The pavilion’s single-bed patient rooms feature the Stryker iBed System as well as expansive views of the East River and New York City.

Photo courtesy of NYU Langone

NYU Langone Health’s campus transformation has been a decade in the making, and during its 10-year process, the health system has always kept three guiding objectives in its line of sight: enhance efficiency, integration and safety; create a more unified and collaborative environment; and employ cutting-edge technology to create efficiency.

And it just so happens that the latter objective has had a major impact on achieving the first two.

The system’s transformation includes its 16-story Science Building that opened last year, as well as the 830,000-square-foot Helen L. and Martin S. Kimmel Pavilion. The pavilion stands 21 floors tall with 11 patient-room floors and 374 single-patient rooms. Hassenfield Children’s Hospital, the first new children’s hospital built in New York City in nearly 15 years, is located within the pavilion. The 160,000-square-foot space has 68 single-patient rooms and a dedicated entrance and lobby.

The pavilion opened this summer and, according to Nader Mherabi, Langone’s senior vice president, vice dean and chief information officer, technology was thoughtfully integrated into the entire design process. Even before patients walk into the pavilion, technology helps to guide their experience. Patients can choose to complete their registration electronically and receive step-by-step directions regarding their room location and other information.

Once they are admitted into their rooms, a specially designed 75-inch, 4K-resolution, electronic display screen called MyWall allows patients to plan their experience. They can use the MyWall to browse entertainment, communicate with family and friends, and control their environments including lighting and temperature. The patients also can review educational materials about health conditions and connect to their electronic health records (EHRs).

EHRs also can be viewed by clinicians via any one of 2,600 mobile devices specially designed by and for NYU Langone.

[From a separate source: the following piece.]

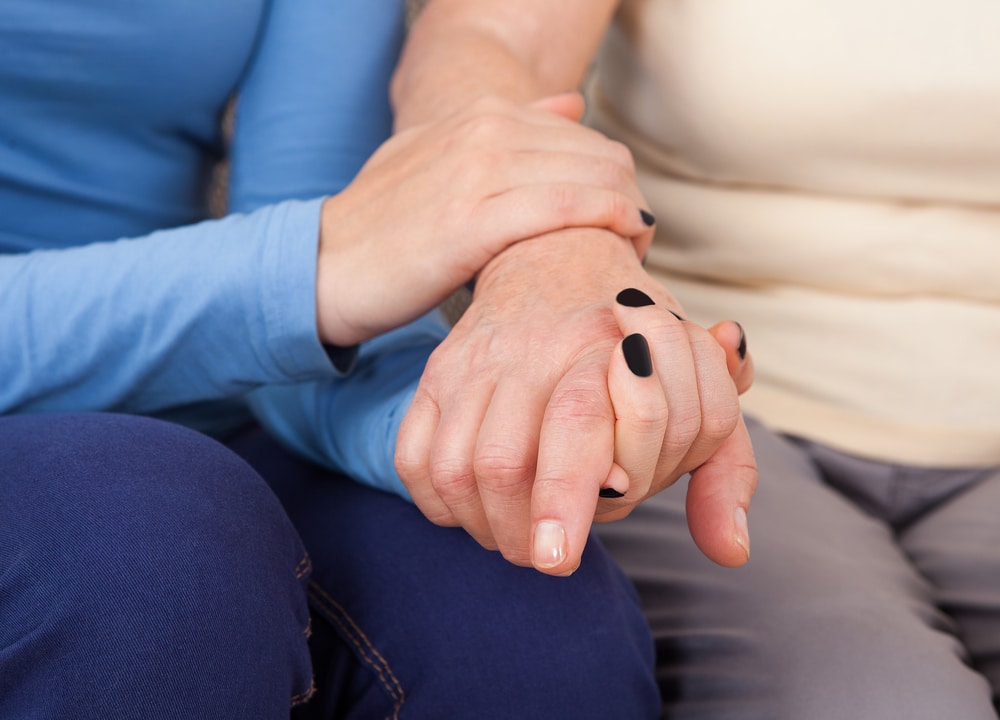 Young female hand holding older female hand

The clinical Mobile Companions are fitted with a number of apps to access not only the EHR, but chat and communication tools, bar-code scanning technology and real-time telemetry.

Even furniture in patient rooms is fitted with smart technology that connects with patient records to create visibility. The hospital’s Stryker iBed System is integrated into the patient’s EHR to record patient weight, position of the bed rails and position of the bed. It also confirms that staff follow protocols to prevent pressure injury, patient falls and ventilator-associated pneumonia. Also, digital medication storage drawers are accessible through fingerprint scanning and connected to patient records for safe medication management.

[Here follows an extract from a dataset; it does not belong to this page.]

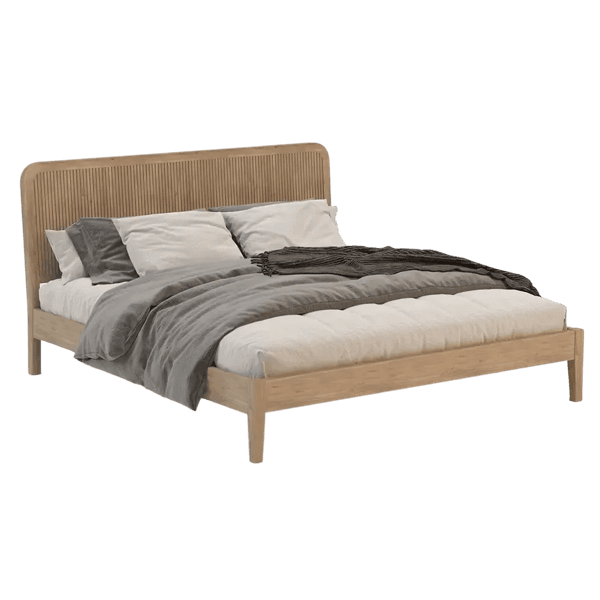 Bed dressed in layered quilts and pillows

Another feature of the new facility that helps to maximize staff time and ensure that patients are taken care of is the pavilion’s fleet of 31 Tug robot assistants. The robots are programmed to know the layout of each floor and assist with transporting meals, linens, supplies and medication. They also help to remove hazardous waste throughout the facility.

Vicki Match Suna, AIA, senior vice president and vice dean for real estate development and facilities, says the health system took a holistic approach not only to the integration of technology within the facility, but also the pavilion’s physical design.

“Recognizing that design greatly impacts the patient experience and can have positive effects on health outcomes, these new spaces have been thoughtfully planned with warm, welcoming environments that encourage overall health and well-being,” she says. “Outdoor settings like landscaped gardens for all to enjoy, roof terraces that provide beautiful views of the East River and New York City, and the integration of artwork throughout the building are all intended to enhance one’s connection with the environment and create a sense of engagement, comfort and calm.”